Records drawn from a dataset:

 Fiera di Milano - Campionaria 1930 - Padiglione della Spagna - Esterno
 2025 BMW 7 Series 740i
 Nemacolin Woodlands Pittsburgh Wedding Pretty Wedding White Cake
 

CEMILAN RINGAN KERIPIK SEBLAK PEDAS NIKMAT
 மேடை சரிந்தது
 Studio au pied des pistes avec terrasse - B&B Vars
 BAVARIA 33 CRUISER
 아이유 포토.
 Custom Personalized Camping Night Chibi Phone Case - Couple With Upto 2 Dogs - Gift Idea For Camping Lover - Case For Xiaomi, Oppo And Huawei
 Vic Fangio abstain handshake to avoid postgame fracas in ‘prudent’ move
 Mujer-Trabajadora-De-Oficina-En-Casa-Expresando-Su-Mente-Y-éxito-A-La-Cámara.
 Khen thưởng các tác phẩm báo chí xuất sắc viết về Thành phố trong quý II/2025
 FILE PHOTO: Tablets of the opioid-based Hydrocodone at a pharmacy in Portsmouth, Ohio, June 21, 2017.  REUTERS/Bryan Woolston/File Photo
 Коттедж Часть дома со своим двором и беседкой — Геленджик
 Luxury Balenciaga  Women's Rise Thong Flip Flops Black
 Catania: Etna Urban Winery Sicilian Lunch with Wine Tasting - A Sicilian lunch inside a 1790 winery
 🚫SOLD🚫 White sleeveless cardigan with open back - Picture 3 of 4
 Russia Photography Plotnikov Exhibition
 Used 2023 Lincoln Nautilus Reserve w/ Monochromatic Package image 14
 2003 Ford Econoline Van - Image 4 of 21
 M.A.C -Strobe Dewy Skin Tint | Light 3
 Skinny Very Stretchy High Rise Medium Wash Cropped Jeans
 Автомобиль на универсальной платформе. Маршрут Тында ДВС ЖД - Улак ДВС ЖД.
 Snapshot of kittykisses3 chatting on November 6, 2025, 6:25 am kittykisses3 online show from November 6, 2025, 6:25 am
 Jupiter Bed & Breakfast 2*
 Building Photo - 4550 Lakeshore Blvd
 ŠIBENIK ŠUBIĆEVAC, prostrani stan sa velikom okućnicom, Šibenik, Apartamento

### REQUIREMENT
Gather each line in these records that contains the string "White".

### SOLUTION TO THIS TASK
 Nemacolin Woodlands Pittsburgh Wedding Pretty Wedding White Cake
 🚫SOLD🚫 White sleeveless cardigan with open back - Picture 3 of 4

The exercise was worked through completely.